**Task**
Look through the entries for the line containing "2020年三伏天时间表（2020年三伏天时间表立秋）". Then output that line and every line after it, exactly, to the end.

**Input material**
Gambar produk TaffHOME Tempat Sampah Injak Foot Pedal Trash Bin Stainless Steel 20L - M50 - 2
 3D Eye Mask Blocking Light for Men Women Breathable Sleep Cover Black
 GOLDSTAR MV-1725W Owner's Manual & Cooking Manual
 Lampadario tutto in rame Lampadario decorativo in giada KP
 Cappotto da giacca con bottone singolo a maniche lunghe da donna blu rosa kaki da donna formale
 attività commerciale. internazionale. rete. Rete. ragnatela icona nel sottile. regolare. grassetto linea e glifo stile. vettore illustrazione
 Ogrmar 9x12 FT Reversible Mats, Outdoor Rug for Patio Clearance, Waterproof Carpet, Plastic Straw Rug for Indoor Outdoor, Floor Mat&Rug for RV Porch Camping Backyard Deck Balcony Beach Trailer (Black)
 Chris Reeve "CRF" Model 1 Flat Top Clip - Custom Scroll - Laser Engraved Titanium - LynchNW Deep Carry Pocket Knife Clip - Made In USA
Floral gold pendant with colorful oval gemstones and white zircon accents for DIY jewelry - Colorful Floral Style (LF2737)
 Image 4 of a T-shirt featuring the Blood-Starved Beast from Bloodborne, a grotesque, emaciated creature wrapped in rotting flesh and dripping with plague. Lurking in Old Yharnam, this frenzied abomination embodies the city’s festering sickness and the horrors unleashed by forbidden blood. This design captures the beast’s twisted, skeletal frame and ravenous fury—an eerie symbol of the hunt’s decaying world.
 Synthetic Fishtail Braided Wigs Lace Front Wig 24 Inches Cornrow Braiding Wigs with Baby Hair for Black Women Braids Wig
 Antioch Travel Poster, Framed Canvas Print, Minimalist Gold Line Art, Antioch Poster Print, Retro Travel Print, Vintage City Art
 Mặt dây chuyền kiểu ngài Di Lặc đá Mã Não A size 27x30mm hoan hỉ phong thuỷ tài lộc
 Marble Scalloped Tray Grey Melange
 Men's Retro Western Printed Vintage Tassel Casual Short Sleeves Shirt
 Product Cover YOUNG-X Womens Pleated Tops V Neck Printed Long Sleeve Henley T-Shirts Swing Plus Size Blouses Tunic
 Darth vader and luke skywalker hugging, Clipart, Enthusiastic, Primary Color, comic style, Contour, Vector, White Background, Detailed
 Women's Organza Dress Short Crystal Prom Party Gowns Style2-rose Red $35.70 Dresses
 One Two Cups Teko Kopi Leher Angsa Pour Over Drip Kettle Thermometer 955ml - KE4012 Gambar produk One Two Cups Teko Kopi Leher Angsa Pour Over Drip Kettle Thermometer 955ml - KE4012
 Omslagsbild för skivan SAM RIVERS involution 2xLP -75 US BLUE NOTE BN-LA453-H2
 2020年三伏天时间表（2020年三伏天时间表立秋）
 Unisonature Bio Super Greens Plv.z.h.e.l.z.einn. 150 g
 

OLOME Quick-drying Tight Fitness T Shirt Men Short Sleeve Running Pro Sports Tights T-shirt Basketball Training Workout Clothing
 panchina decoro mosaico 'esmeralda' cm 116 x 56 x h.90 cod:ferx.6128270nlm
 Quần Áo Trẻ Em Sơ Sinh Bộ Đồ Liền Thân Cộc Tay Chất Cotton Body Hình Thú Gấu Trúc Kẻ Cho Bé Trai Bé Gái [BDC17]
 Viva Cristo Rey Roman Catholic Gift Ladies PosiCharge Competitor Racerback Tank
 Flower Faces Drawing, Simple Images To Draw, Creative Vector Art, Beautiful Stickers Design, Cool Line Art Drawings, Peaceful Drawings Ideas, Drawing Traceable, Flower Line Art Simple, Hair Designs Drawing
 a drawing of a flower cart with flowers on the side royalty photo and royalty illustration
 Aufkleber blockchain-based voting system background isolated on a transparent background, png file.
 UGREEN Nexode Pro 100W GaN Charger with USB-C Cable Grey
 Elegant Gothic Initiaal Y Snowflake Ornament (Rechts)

**Your solution**
 2020年三伏天时间表（2020年三伏天时间表立秋）
 Unisonature Bio Super Greens Plv.z.h.e.l.z.einn. 150 g
 

OLOME Quick-drying Tight Fitness T Shirt Men Short Sleeve Running Pro Sports Tights T-shirt Basketball Training Workout Clothing
 panchina decoro mosaico 'esmeralda' cm 116 x 56 x h.90 cod:ferx.6128270nlm
 Quần Áo Trẻ Em Sơ Sinh Bộ Đồ Liền Thân Cộc Tay Chất Cotton Body Hình Thú Gấu Trúc Kẻ Cho Bé Trai Bé Gái [BDC17]
 Viva Cristo Rey Roman Catholic Gift Ladies PosiCharge Competitor Racerback Tank
 Flower Faces Drawing, Simple Images To Draw, Creative Vector Art, Beautiful Stickers Design, Cool Line Art Drawings, Peaceful Drawings Ideas, Drawing Traceable, Flower Line Art Simple, Hair Designs Drawing
 a drawing of a flower cart with flowers on the side royalty photo and royalty illustration
 Aufkleber blockchain-based voting system background isolated on a transparent background, png file.
 UGREEN Nexode Pro 100W GaN Charger with USB-C Cable Grey
 Elegant Gothic Initiaal Y Snowflake Ornament (Rechts)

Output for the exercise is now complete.